Беспристрастие биографа, однако, заключается в том, что он констатирует факты без предвзятости, без «за» или «против», избегая suppressio veri (утаивать правду) в той же степени, как и suggestio falsi (нагромождать ложь). [113] Таков идеал, которого никто не достигает, и «Воспоминания о профессоре Дженкине» подтверждают то, чего можно было ожидать после вышеприведенного откровенного признания Стивенсона: если перед нами и не прямой панегирик, то, во всяком случае, типичная «официальная» биография со всем, что из этого следует. Мог ли Стивенсон поступить иначе? Миссис Дженкин со свойственной ей эмоциональностью рассказывает нам в своем дневнике о том, как Стивенсон записывал ее воспоминания, располагал записи в определенной очередности и при следующей встрече читал их ей, беспрестанно делая поправки, чтобы донести ее мысль без искажений. Конечно, как опытный писатель и «пожизненный» стилист, Стивенсон знал – каждый может что-то сказать; трудность в том, чтобы, во-первых, точно представлять себе, что именно, а во-вторых, точно выразить свою мысль, лишив читателя возможности неправильно ее понять. Это тоже идеал, но одним из великих достоинств Стивенсона литератора является его стремление к идеалу. В данном случае, однако, он изменил своим принципам, так как не в силах был огорчить оплакивающую мужа вдову, и не обнародовал материалы, бросающие хоть малейшую тень на безупречный образ главного героя «Воспоминаний».
113
Из «Наставлений оратору» Квинтилиана.
Взявшись за биографию Дженкина (опубликованную лишь в январе 1888 года), Стивенсон еще раз продемонстрировал свою многосторонность. «Воспоминания о Флеминге Дженкине», как правило, обходились молчанием, а если оценивались, то весьма разноречиво. Они не прибавили Стивенсону популярности и легли на его литературную репутацию просто мертвым грузом. При всем том в своем жанре «Воспоминания» имеют значительные достоинства.

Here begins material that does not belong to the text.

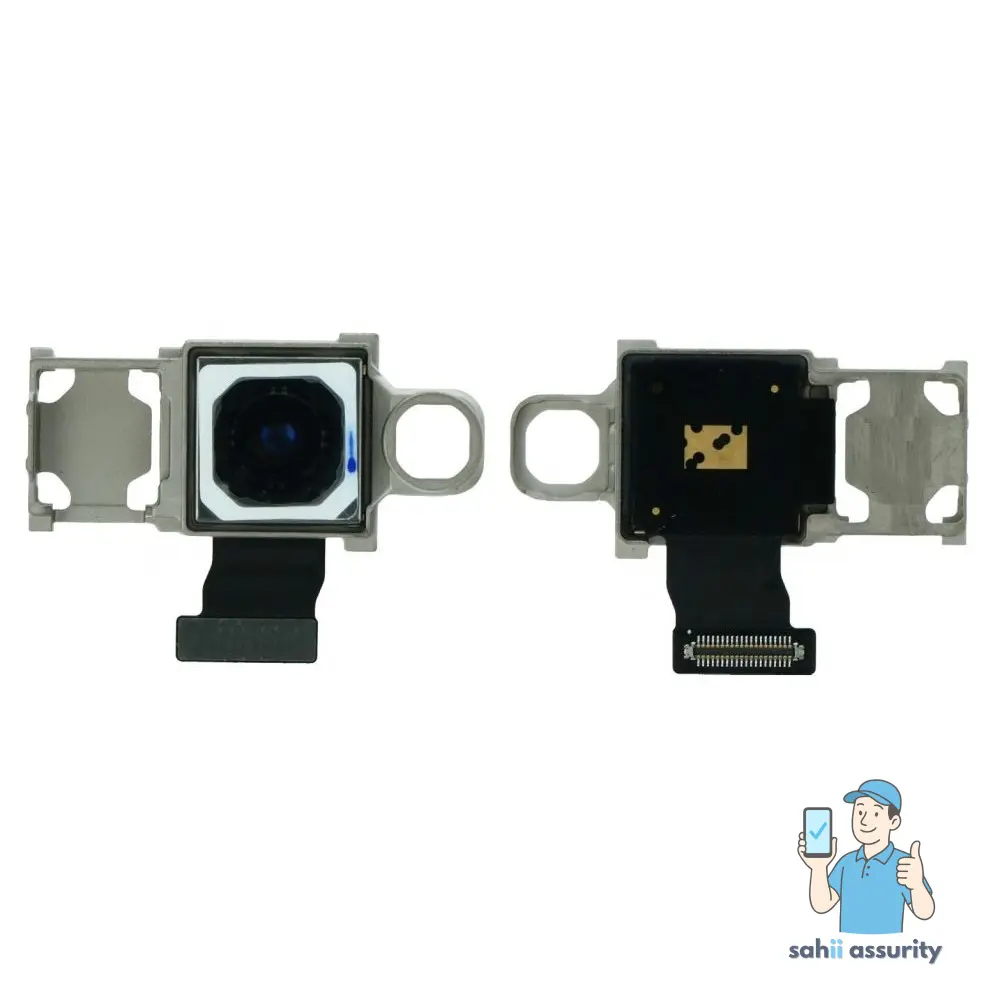 Replacement Back Camera for OnePlus 8 (Main Camera)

В те времена биографии представляли собой череду страниц, заполненных совершенно сырым материалом вроде цитат из писем, почти не связанных между собой. Стивенсон был писателем-профессионалом и просто не мог произвести на свет одну из подобных сумбурных викторианских книг, но, хотя отбирал он хорошо, соединял куда хуже. Однако главный недостаток книги кроется не в методах автора – тут мнения расходятся, и многим читателям его методы, возможно, по вкусу, – а в том неизбежном факте, что даже блестящее перо Стивенсона не может сделать профессора Дженкина интересным для людей другой эпохи, которые никогда и не услышали бы о нем, если бы он не был другом своего биографа. Стивенсон делает все, что в его силах; особенно он хорош в отдельных деталях и штрихах, например, когда пишет о родителях Дженкина, которые «привыкли к революциям», путешествуя по континенту в 1848 году. Но о прокладке кабеля по дну океана он рассказывает устами самого Дженкина, и это куда менее интересно, чем записи Роберта Стивенсона о постройке маяка. А говоря о собственном знакомстве с профессором, Стивенсон весьма приблизительно воссоздает его образ, ограничиваясь оценкой своего героя. Прочитав «Воспоминания», мы с недоумением думаем о человеке, в котором сочетались «греческий софист и английский школьник». Наш мысленный взор с испугом останавливается на этой сомнительной лепте в паноптикум чудищ, на этом монстре, рядом с которым даже Химера не вызывает удивления. «Искусство повествования, – справедливо говорит Стивенсон, – по сути дела, одно и то же, применяем ли мы его для показа действительных событий или вымышленных сцен»; но никакое искусство, думается мне, не способно создать гибрид английского школьника с греческим софистом.